Once you find the line with "True Religion Drifter" in the data below, transcribe exactly each line from there to the line with "X Insignia Men's Sweatshirt", inclusive, and nothing else. Drop the pictures.

[Extracted material]
Start of Block

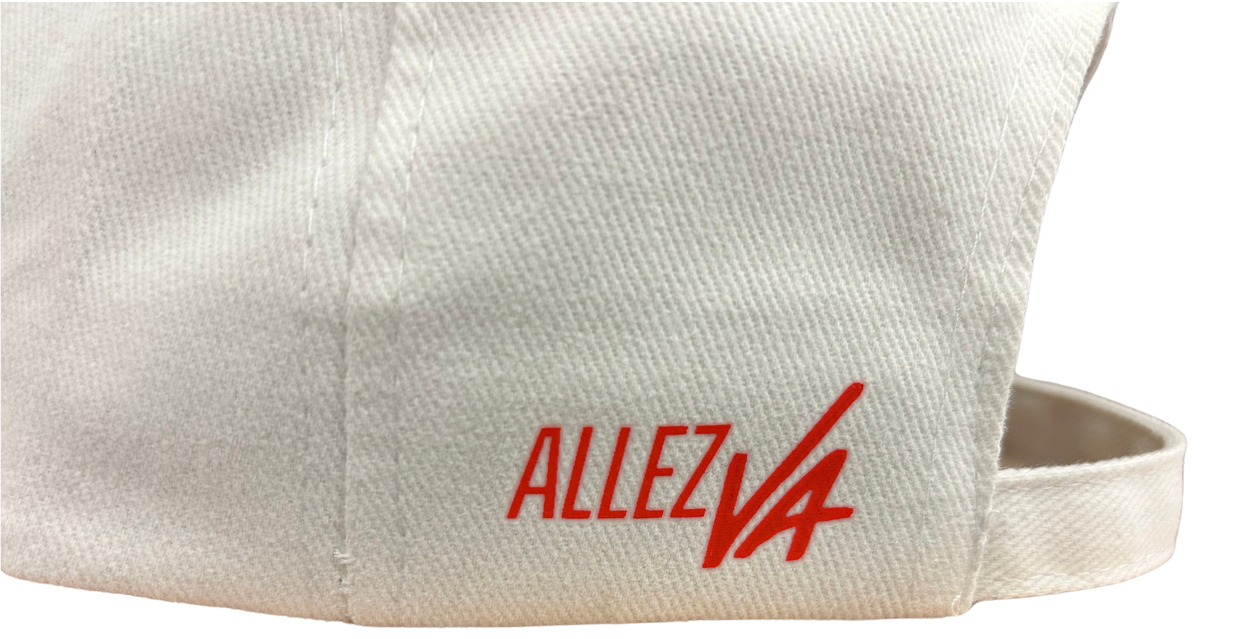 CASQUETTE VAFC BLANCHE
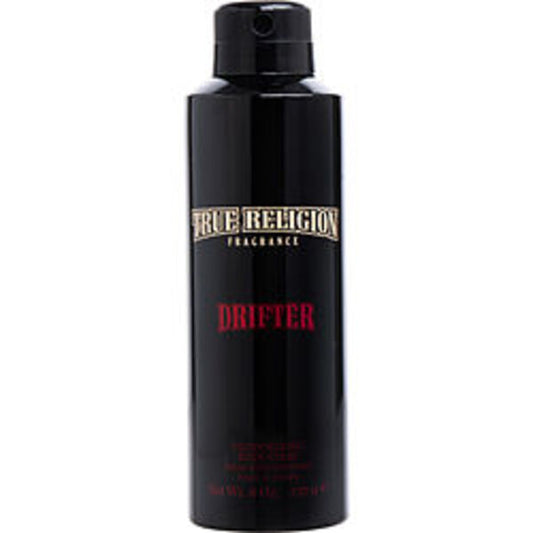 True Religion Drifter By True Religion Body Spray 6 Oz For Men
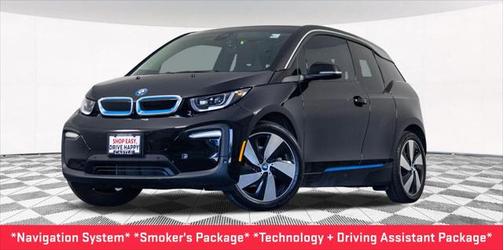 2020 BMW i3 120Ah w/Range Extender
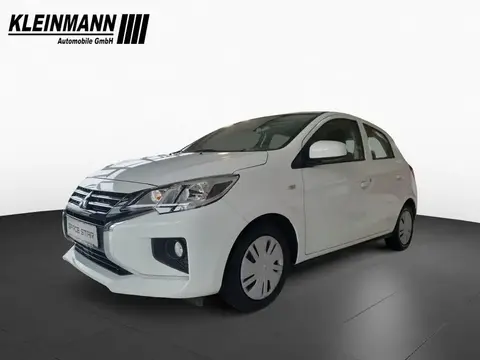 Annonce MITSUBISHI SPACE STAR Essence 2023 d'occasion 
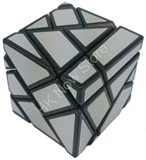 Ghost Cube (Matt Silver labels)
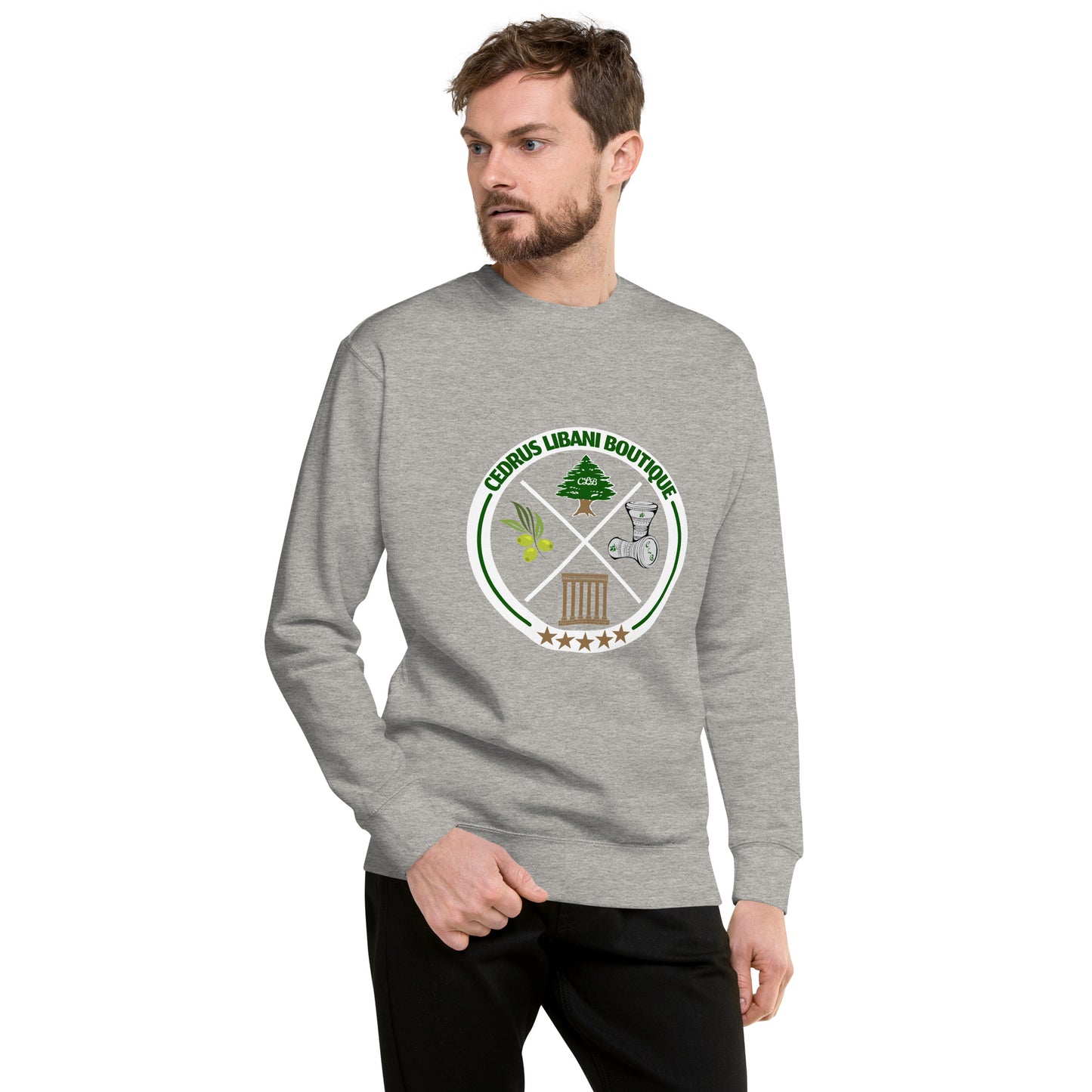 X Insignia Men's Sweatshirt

End of Block
Start of Block

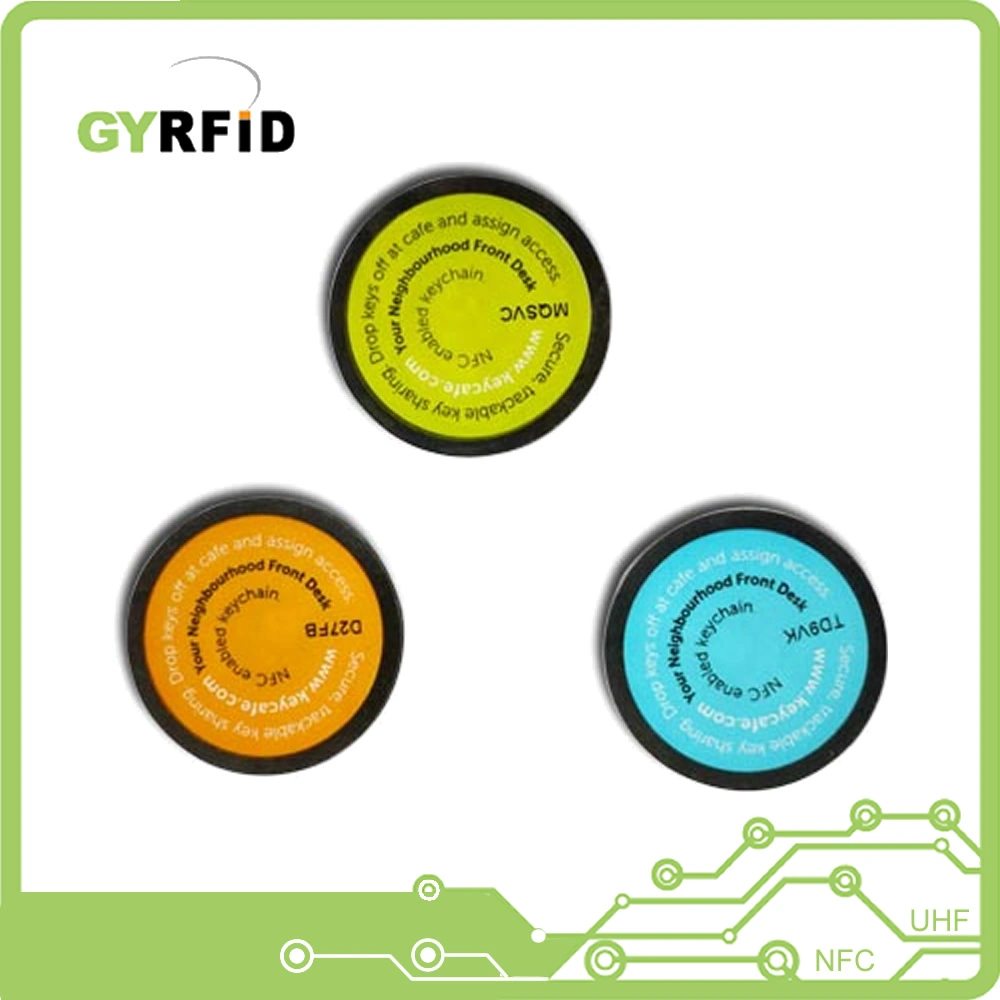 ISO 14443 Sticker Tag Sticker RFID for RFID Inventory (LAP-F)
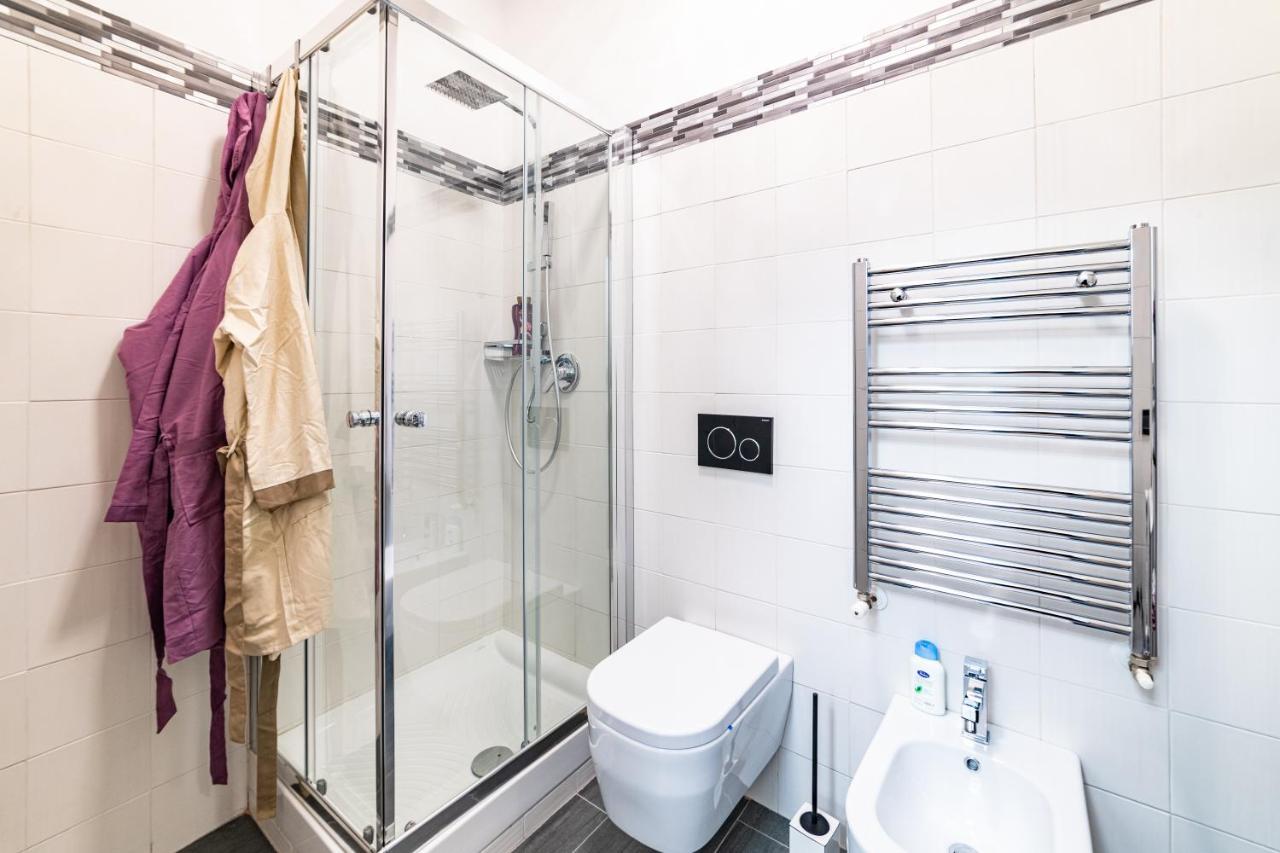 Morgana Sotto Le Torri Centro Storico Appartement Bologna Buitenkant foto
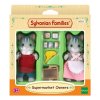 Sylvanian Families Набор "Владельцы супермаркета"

End of Block

[Response]
 True Religion Drifter By True Religion Body Spray 6 Oz For Men
 2020 BMW i3 120Ah w/Range Extender
 Annonce MITSUBISHI SPACE STAR Essence 2023 d'occasion 
 Ghost Cube (Matt Silver labels)
 X Insignia Men's Sweatshirt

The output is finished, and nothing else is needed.